[[ PROVIDED RECORDS open ]]
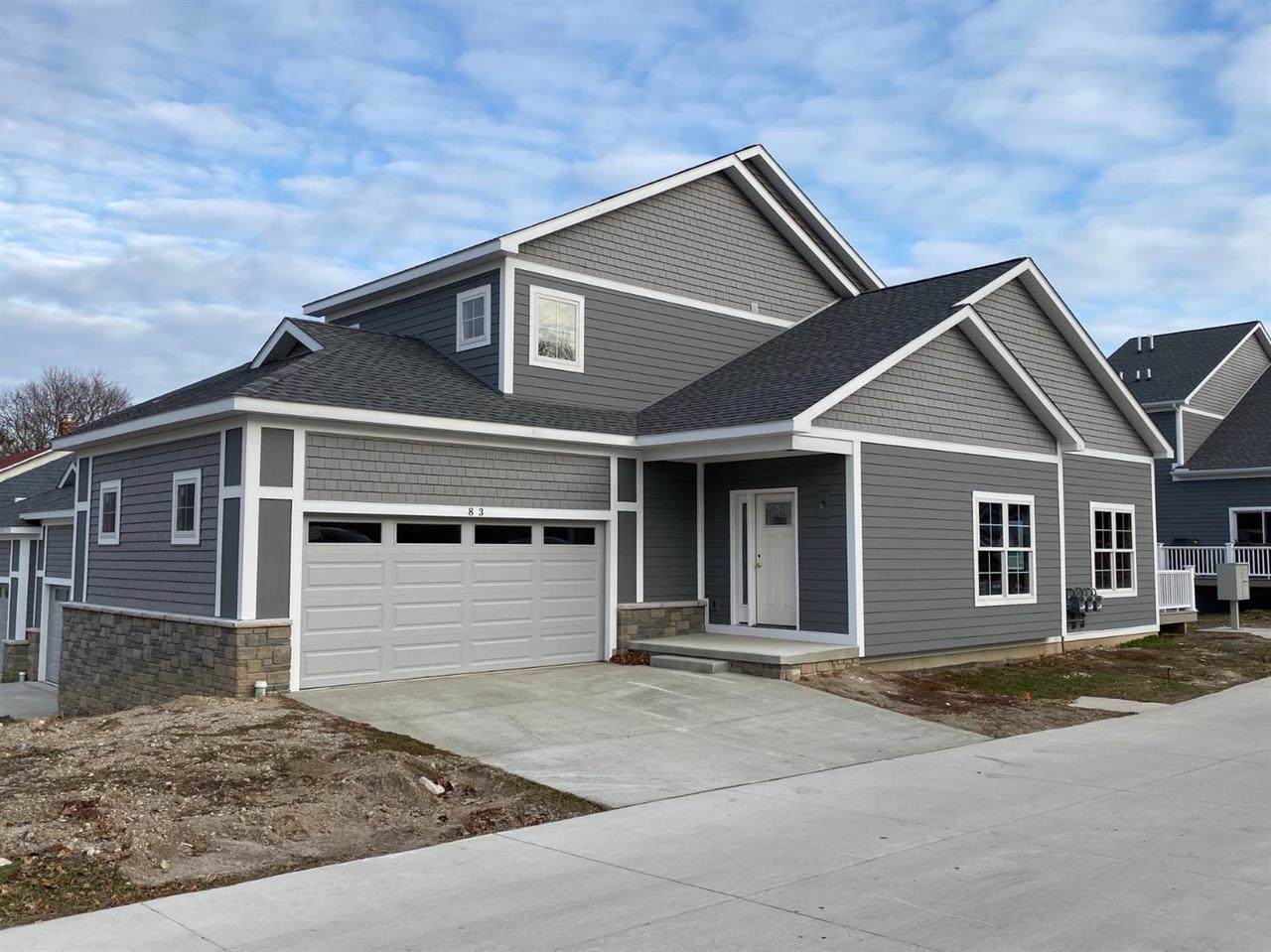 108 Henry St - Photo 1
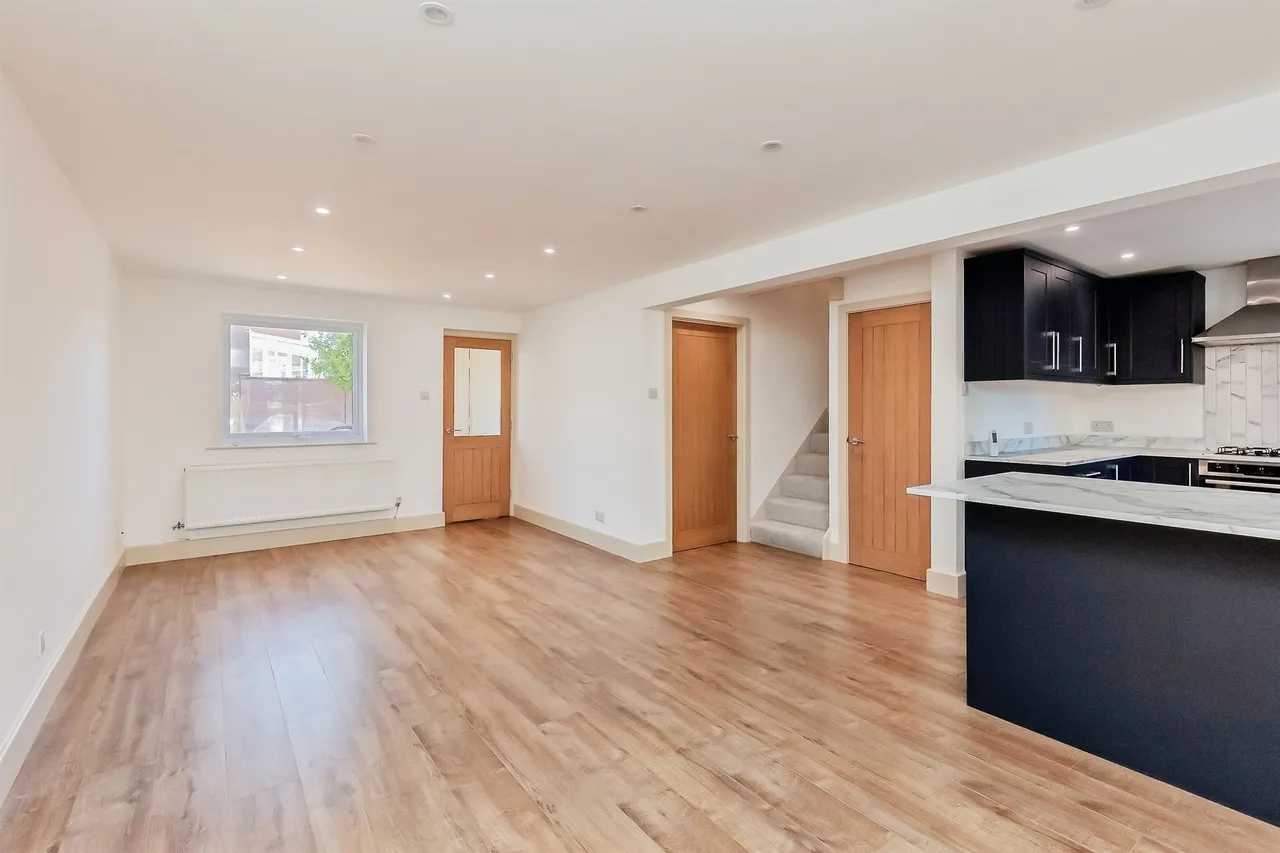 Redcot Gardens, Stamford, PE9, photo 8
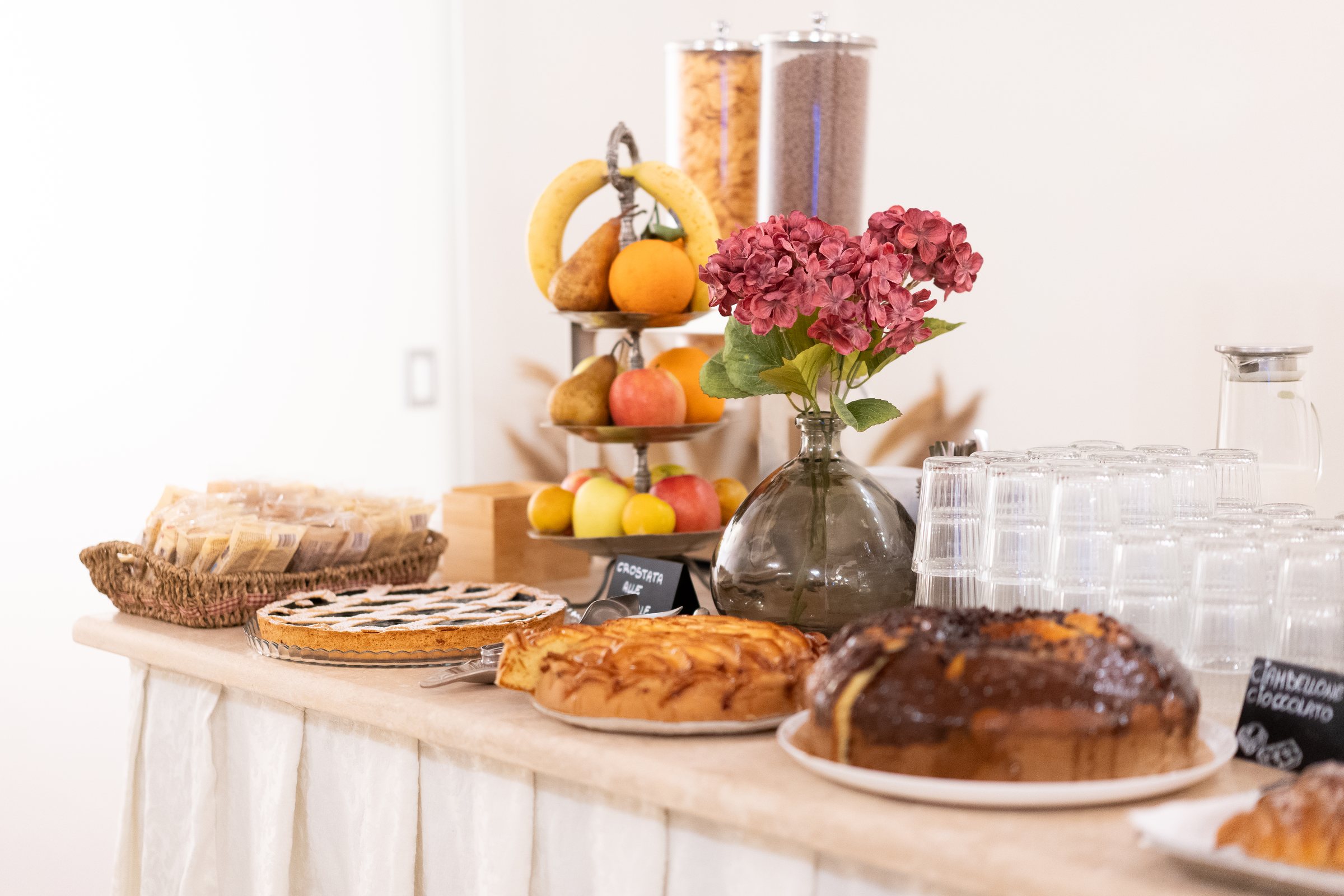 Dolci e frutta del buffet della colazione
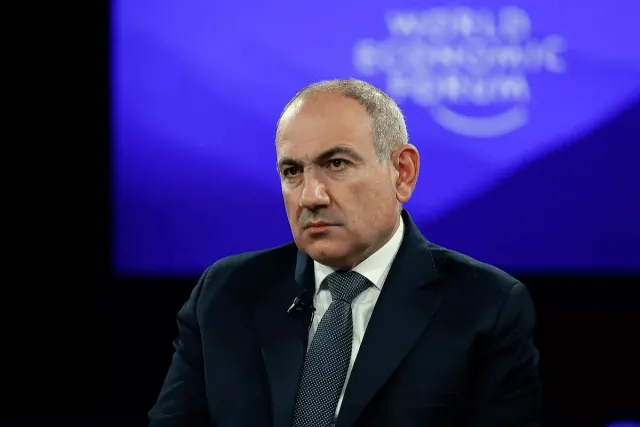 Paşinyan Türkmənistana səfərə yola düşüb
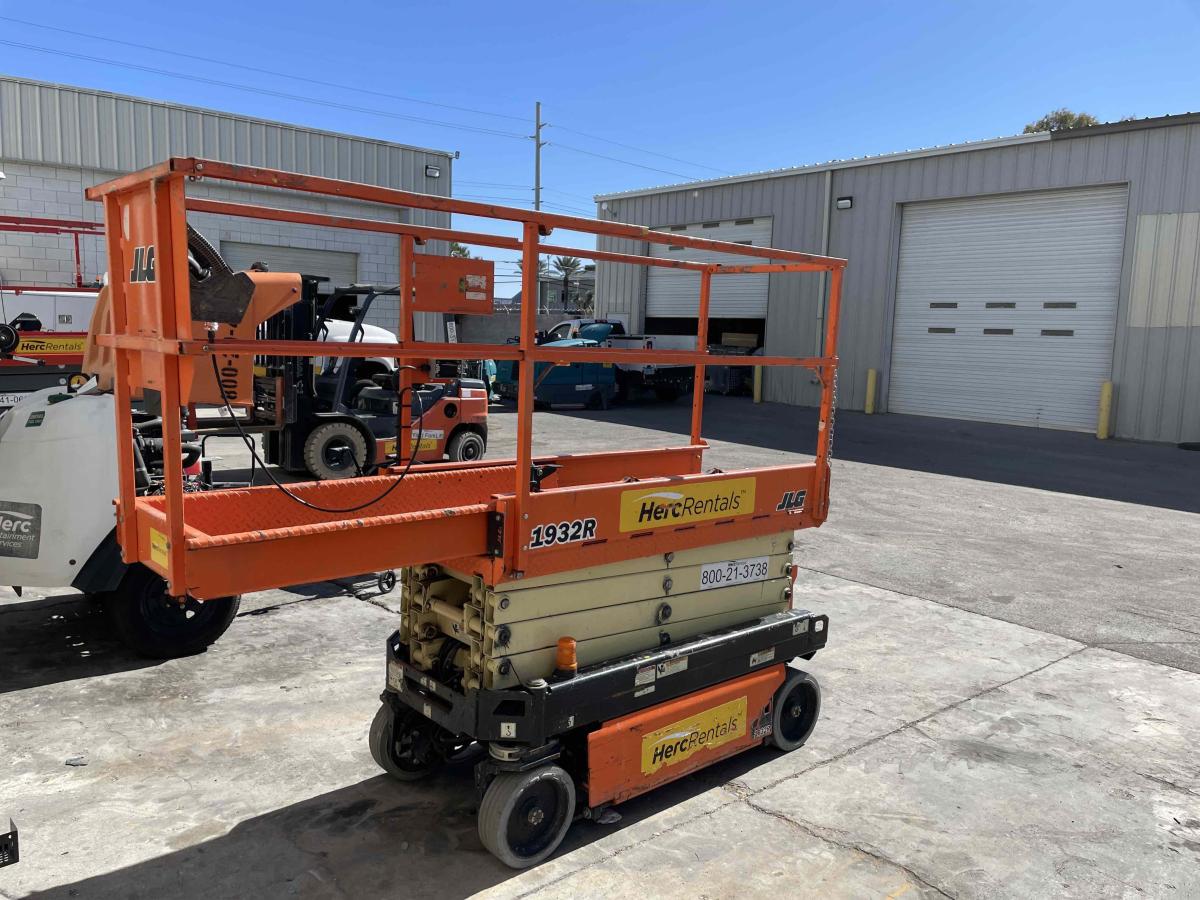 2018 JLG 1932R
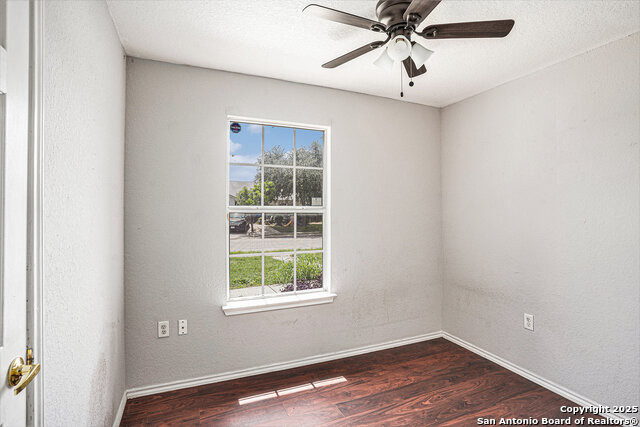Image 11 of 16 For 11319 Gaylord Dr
[[ PROVIDED RECORDS closed ]]
EXERCISE GOAL: Every line from the line containing "Paşinyan Türkmənistana səfərə yola düşüb" through the last line above is to be printed exactly. Pictures are not copied.

FINAL ANSWER:
 Paşinyan Türkmənistana səfərə yola düşüb
 2018 JLG 1932R
Image 11 of 16 For 11319 Gaylord Dr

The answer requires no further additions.